Type[] GenericArguments - if the type is generic, generic arguments are kept in this collection
BW and BR – binary writer and binary reader. (they are not standard BinaryReader and BinaryWriter though they have many similarities)
Adding the TypeHolder to the Studio as add-in
Compile the TypeHolder into DLL. Start the Studio. Open Tools/Configer External Holders and browse for the DLL.
Add the DLL to the list.
Using generated serializer
The serializer generated by Studio is an integral part of DotNetRemoting Framework.
However this serializer can be used as a surrogate for the standard formatter (Binary for example).
You just need to create FSSurogate object and call the method that creates the surrogate selector compatible with the formatter FSSurrogate takes generated serializer a constructor parameter.
FSSurrogate surr_ = new FSSurrogate(new FSDefault());
BinaryFormatter bf = new BinaryFormatter();
bf.SurrogateSelector = surr_.GetSurrogateSelector();
MemoryStream ms = new MemoryStream();
Employee _emp = new Employee();
bf.Serialize(ms, _emp);
|
Perfomance
The speed may vary from 1000% to 50000% against standard binary serializer.
Recommendations.
Avoid using private members.
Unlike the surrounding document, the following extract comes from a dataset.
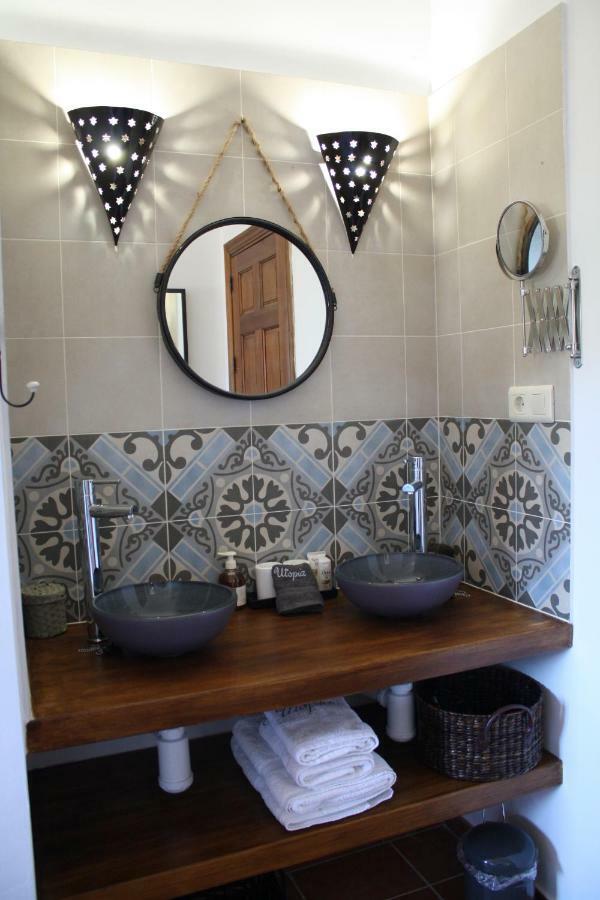 Boutique Bed & Breakfast Casa Utopia Alcaucín Eksteriør bilde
The access to the private varibles can be done only through reflection and that slows down the serializer considerably.
Supported data types
All primitive types
Arrays (of any type serialized)
ArrayList
Hashtable
List<type t>
Dictionary<type type1, type type2>
DataSet
DataTable
DateTime
Limitations
This version of the Studio can not serialize objects with :
Multidimensional arrays
Circular references
Platforms
Window, Windows Mobile, Linux, Unix
If the serializer is used directly (not as a surrogate) the field GenericSerializer should to be set to the instance of IFS_Formatter. IFS_Formatter is a wrapper for the generic serializer For PC generic serializer is usually a binary formatter.
Please see the samples provided.For the compact framework Compact Formatter by Angelo Scotto is a good choice.